**Problem:**
In the records below, find the line with "Hello guys, welcome" and the line with "This concludes this"; return exactly those lines and every line between them.

**Records to use:**
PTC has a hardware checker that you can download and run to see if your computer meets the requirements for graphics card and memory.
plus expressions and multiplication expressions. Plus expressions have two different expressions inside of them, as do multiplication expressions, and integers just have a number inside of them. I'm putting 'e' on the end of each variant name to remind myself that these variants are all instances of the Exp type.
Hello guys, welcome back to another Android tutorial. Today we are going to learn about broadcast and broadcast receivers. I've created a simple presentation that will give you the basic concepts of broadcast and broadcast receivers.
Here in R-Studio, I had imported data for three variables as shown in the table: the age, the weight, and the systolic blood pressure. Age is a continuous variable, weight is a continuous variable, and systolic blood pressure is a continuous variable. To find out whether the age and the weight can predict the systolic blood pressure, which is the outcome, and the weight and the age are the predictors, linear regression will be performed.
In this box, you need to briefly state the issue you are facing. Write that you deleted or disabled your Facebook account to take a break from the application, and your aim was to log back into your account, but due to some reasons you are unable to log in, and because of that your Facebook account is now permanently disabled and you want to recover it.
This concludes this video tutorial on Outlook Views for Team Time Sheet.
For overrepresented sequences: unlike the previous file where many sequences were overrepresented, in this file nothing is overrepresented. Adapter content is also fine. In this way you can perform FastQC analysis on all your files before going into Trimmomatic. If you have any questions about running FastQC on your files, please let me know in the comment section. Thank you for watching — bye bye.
...
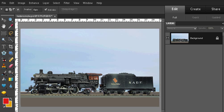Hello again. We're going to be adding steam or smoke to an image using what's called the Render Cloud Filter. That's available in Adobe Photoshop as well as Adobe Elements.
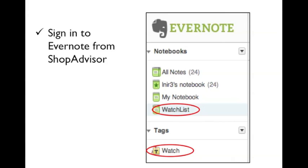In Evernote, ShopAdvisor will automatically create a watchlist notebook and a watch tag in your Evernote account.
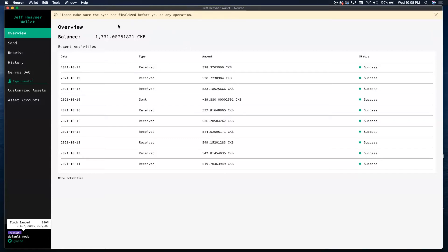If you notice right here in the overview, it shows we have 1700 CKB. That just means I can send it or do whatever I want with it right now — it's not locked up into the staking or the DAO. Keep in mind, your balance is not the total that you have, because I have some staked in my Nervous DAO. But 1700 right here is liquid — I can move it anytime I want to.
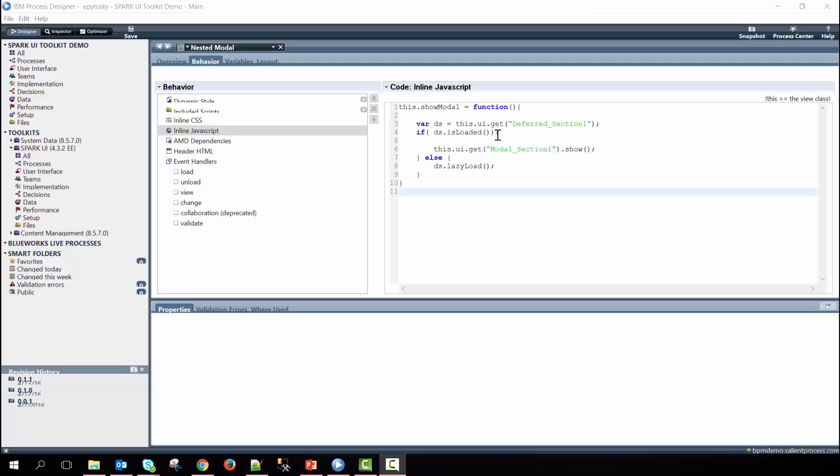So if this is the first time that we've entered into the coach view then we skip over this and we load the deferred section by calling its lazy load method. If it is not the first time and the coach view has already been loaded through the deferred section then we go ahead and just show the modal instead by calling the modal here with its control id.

**Answer to the exercise:**
Hello guys, welcome back to another Android tutorial. Today we are going to learn about broadcast and broadcast receivers. I've created a simple presentation that will give you the basic concepts of broadcast and broadcast receivers.
Here in R-Studio, I had imported data for three variables as shown in the table: the age, the weight, and the systolic blood pressure. Age is a continuous variable, weight is a continuous variable, and systolic blood pressure is a continuous variable. To find out whether the age and the weight can predict the systolic blood pressure, which is the outcome, and the weight and the age are the predictors, linear regression will be performed.
In this box, you need to briefly state the issue you are facing. Write that you deleted or disabled your Facebook account to take a break from the application, and your aim was to log back into your account, but due to some reasons you are unable to log in, and because of that your Facebook account is now permanently disabled and you want to recover it.
This concludes this video tutorial on Outlook Views for Team Time Sheet.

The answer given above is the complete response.